* **Task inputs**
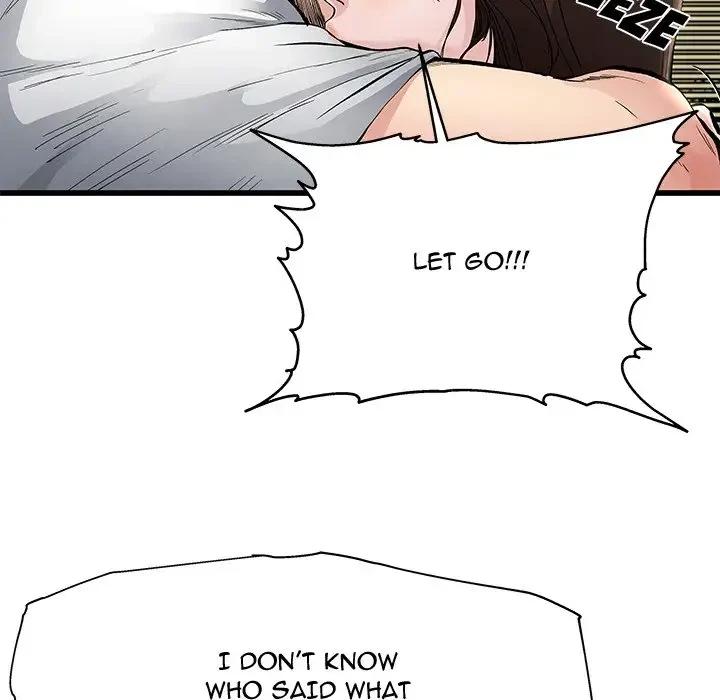 Chapter 3, page 114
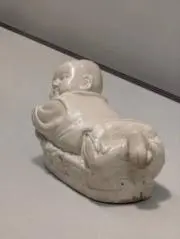 しましま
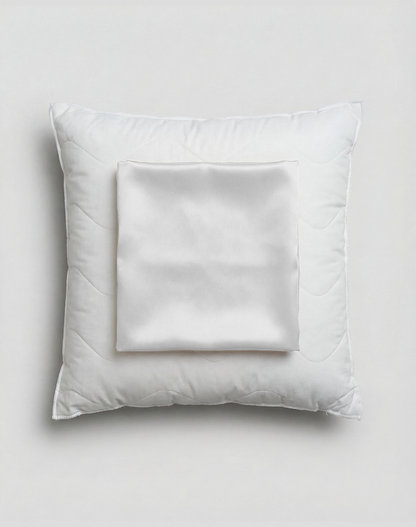 Delicate Silk Bundle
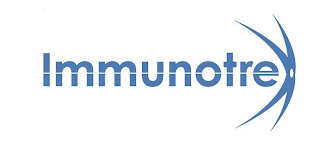 IMMUNOTREX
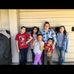 Candace Milner - Facebook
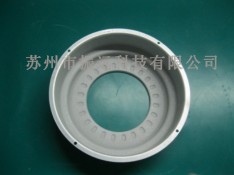 硬盘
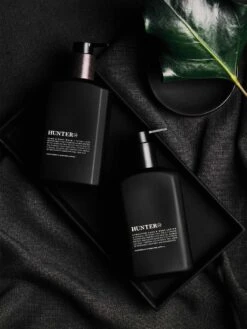 Hand And Body Kit -Best Home hunter lab hunter hand body kit 5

* **Assignment**
Take the line that holds "Candace Milner - Facebook" as the start and the last line of the data as the end. Copy only those lines exactly, both ends included, except the pictures.

* **Your response**
 Candace Milner - Facebook
 硬盘
 Hand And Body Kit -Best Home hunter lab hunter hand body kit 5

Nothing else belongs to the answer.